__Task goal__
Would you please write out each entry precisely as given?

__Extracted data__
==============================

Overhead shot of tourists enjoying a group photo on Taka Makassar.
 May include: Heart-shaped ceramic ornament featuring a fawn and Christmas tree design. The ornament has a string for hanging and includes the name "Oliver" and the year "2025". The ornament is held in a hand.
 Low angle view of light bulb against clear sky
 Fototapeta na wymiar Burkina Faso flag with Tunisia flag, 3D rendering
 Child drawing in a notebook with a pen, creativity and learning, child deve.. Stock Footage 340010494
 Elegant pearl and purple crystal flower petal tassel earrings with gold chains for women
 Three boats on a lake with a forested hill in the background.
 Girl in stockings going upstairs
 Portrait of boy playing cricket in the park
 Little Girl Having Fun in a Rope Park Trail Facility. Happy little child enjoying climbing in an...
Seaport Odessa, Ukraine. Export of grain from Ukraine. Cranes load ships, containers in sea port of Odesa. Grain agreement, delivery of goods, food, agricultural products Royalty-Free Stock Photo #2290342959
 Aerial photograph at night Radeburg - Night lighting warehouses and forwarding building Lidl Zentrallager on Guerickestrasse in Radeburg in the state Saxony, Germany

==============================

__Your response__
Overhead shot of tourists enjoying a group photo on Taka Makassar.
 May include: Heart-shaped ceramic ornament featuring a fawn and Christmas tree design. The ornament has a string for hanging and includes the name "Oliver" and the year "2025". The ornament is held in a hand.
 Low angle view of light bulb against clear sky
 Fototapeta na wymiar Burkina Faso flag with Tunisia flag, 3D rendering
 Child drawing in a notebook with a pen, creativity and learning, child deve.. Stock Footage 340010494
 Elegant pearl and purple crystal flower petal tassel earrings with gold chains for women
 Three boats on a lake with a forested hill in the background.
 Girl in stockings going upstairs
 Portrait of boy playing cricket in the park
 Little Girl Having Fun in a Rope Park Trail Facility. Happy little child enjoying climbing in an...
Seaport Odessa, Ukraine. Export of grain from Ukraine. Cranes load ships, containers in sea port of Odesa. Grain agreement, delivery of goods, food, agricultural products Royalty-Free Stock Photo #2290342959
 Aerial photograph at night Radeburg - Night lighting warehouses and forwarding building Lidl Zentrallager on Guerickestrasse in Radeburg in the state Saxony, Germany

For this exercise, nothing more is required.